If, alongside the closure, you spot wrong entries on your credit report or recovery pressure, our guide on bank loan recovery agent rights and limits sets out what a bank and its agents can and cannot do. If a locker rather than the account is the sticking point, see the guide on bank locker access and nomination disputes, and our walkthrough to apply for a bank locker if you are moving it elsewhere.

Frequently asked questions

Can a bank refuse to close my savings account?

A bank generally cannot refuse a genuine closure request indefinitely. It can ask you to first clear dues, remove linked auto-debits, return the cheque book and debit card, and de-link the account from any loan, locker or investment. Once those reasonable conditions are met, the account should be closed. If the bank keeps adding new conditions or simply does not act, treat it as a service deficiency and escalate in writing.

The bank kept deducting charges after I asked to close. Can I get a refund?

If charges were deducted only because the bank delayed acting on a valid closure request you had already submitted, you have a strong case for reversal. Quote the date of your written request and the acknowledgement number. Banks frequently reverse non-maintenance and similar charges as a goodwill or service-deficiency adjustment. If they refuse, raise it with the bank's grievance redressal officer and then with the RBI Ombudsman, attaching your closure request and the statement showing the deductions.

My account has a negative balance from charges. How do I close it?

Ask the bank in writing for a breakup of the negative balance. If the negative balance is made up only of charges that accrued after your closure request, ask for those to be waived so the balance returns to zero. Do not ignore the negative balance, because it can be reported to credit bureaus or escalate. Get the waiver or the final figure confirmed in writing before paying, then close the account and collect a written closure confirmation.

Is there a charge for closing a bank account?

Many banks do not charge for closing a savings account after a certain period from opening, but the exact rule and any account-closure charge vary by bank and account type. Check your bank's official schedule of charges or tariff page, or ask the branch in writing. If you are being charged a closure fee that does not appear in the published schedule, ask for the specific clause that authorises it.

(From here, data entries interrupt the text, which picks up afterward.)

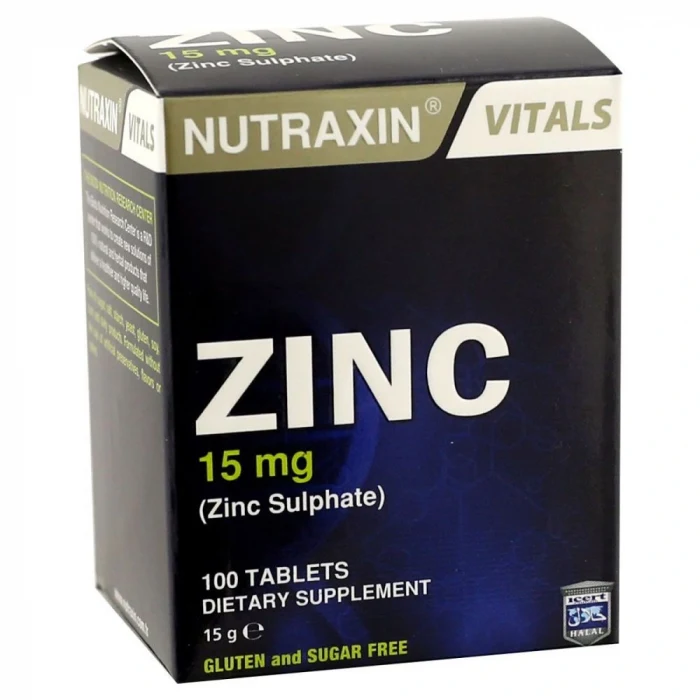 Nutraxin Zinc 15 mg 100 Tablet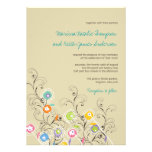 fatfatin Groovy Flower Garden 2 Wedding Invitation invitations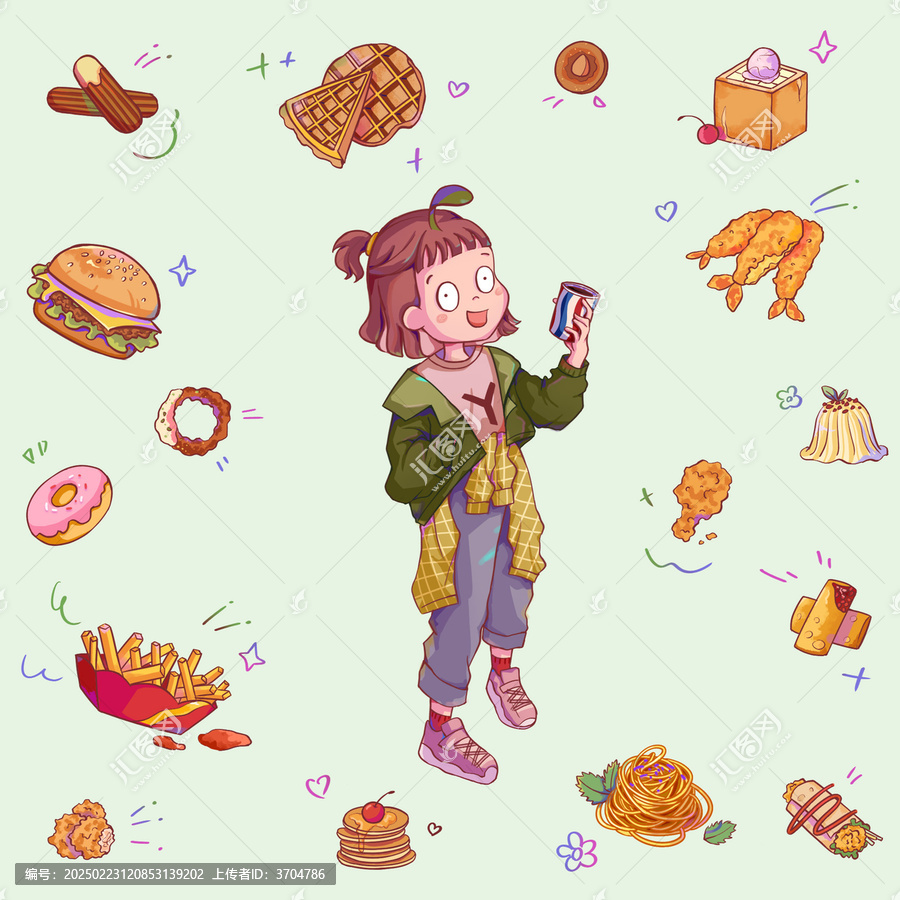 金色的西式小吃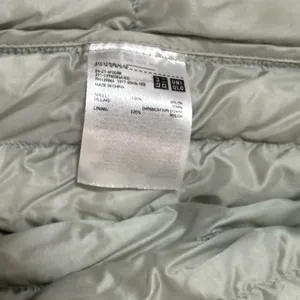 Uniqlo Ultra Light‎ Down Vest Puffer Sleeveless Full Zip Casual Gray M thumbnail 8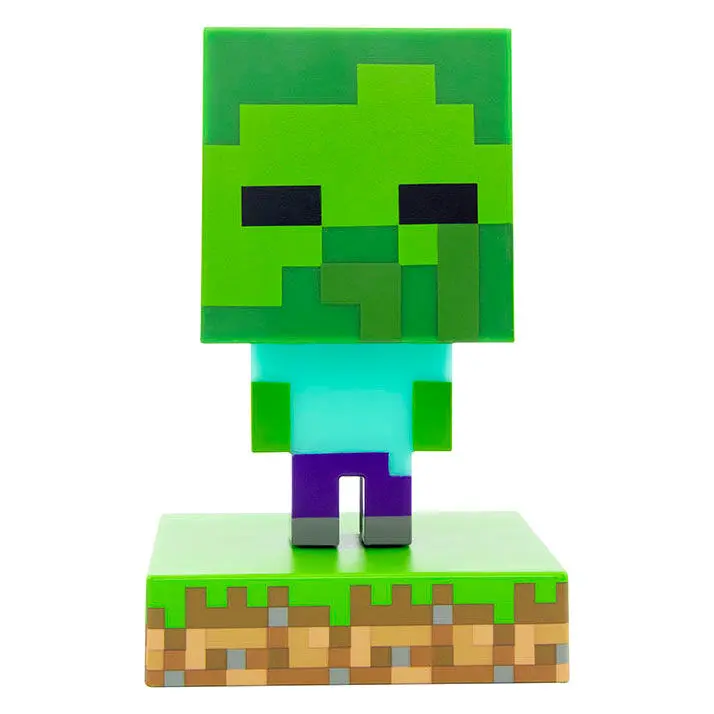 Minecraft 3D Icon Light Zombie termékfotó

How do I escalate if the branch ignores my closure request?

First send a written closure request and keep the acknowledgement. If the branch does not act, write to the bank's nodal grievance redressal officer using the contact on the bank's website. If there is still no satisfactory resolution within the bank's stated timeline, file a complaint with the RBI through the Complaint Management System at cms.rbi.org.in under the Reserve Bank Integrated Ombudsman Scheme.

Can I file an RTI to get my bank account closed?

No. RTI is a tool to obtain information from public authorities, not to force a closure or a refund. If your account is with a public sector bank, you can use RTI to ask for the policy on account closure, the status of your closure request, or copies of internal notings on your case. RTI does not apply to fully private banks, and even for a public sector bank the actual closure and refund must come through the bank's grievance process and the RBI Ombudsman.

Should I just stop using the account instead of closing it?

No. An unused account does not stop charges. Non-maintenance and other periodic charges can keep accruing and push the balance negative, which may later affect your relationship with the bank or appear in records. Formally close the account, move out the balance, remove all auto-debits and standing instructions, and collect a written closure confirmation so the relationship is cleanly ended.